A convicted criminal sits in judgment on the fitness for office of a man who received the 2008 international prosecutor of the year award.
Monareng's was the worst breach of the MPL's code of conduct, but the sanctions available to us were unfortunately mild. It was essentially a moral rebuke, but was not taken seriously by the ANC.
I have puzzled long and hard as to why the ruling party has so little regard for setting a good example in how its public representatives behave. It's not just the tolerance of criminality, such as the lack of effective action against MPs implicated in the Travelgate scandal. It's also the insensitivity of indulging in lavish entertainment and expensive overseas trips when so many are unemployed and hungry.
There seems to be little appreciation that every unnecessary upgrade or extravagance means less money for better services for the poor.
There's also the coterie of bodyguards that many Ministers and MECs insist on, and the high-speed blue light brigades that terrorise other motorists. Speed limits just don't apply to such self-important people. It's the arrogance of power, but also an entitlement mentality.
The same ANC leader who told me to go easy on Monareng also said that in the early post-liberation phase we needed to be less harsh on those who failed to adhere to the highest ethical standards.
My contrary view was that we should be stricter so as to set the standard upfront.

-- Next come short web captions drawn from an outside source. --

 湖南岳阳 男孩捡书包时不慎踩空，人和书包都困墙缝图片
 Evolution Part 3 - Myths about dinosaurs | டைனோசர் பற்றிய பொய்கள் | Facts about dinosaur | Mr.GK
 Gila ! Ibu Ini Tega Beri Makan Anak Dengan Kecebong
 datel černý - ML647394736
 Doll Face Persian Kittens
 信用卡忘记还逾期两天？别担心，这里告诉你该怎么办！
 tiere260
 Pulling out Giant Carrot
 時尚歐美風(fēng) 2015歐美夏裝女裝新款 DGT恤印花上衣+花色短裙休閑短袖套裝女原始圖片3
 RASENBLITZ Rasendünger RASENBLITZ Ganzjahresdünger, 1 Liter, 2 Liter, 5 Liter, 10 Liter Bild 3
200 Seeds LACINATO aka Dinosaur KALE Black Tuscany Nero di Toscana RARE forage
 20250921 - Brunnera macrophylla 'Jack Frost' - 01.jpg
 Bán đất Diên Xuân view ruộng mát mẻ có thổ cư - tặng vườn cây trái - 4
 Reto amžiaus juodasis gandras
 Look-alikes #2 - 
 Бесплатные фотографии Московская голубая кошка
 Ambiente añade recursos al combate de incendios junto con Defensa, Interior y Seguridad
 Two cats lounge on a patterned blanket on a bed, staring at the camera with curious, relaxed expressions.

ANC Deputy Chief Whip Bulelani Magwanishe defends Monareng's appointment by saying "the standards that some people advocate are so high that no-one can meet them".
What is so impossibly difficult in avoiding the appointment of a convicted criminal to such a sensitive position?
There seems to be no sense of shame about this at all, but this is probably too much to expect from a party whose senior leaders turned out to bid farewell to former ANC Chief Whip Tony Yengeni when he went to jail for fraud and corruption.
In self-critical moments, however, the ANC has berated the lack of "revolutionary morality", as when Kgalema Motlanthe declared in 2005 that "the central challenge facing the ANC is ... our cadres' susceptibility to moral decay occasioned by the struggle for the control of and access to resources".
I suspect that the problem with "revolutionary morality" is that it is devoted to the collective, rather than individual conscience. Its end goal is the "National Democratic Revolution" that seeks to control everything by means of party deployments that increase opportunities for the abuse of power.
There is no substitute for individual accountability and responsibility. The path to rectitude is that elected representatives should never forget who put them in office.
It should always be "how can I best serve the people", not "look after me, I'm an MP".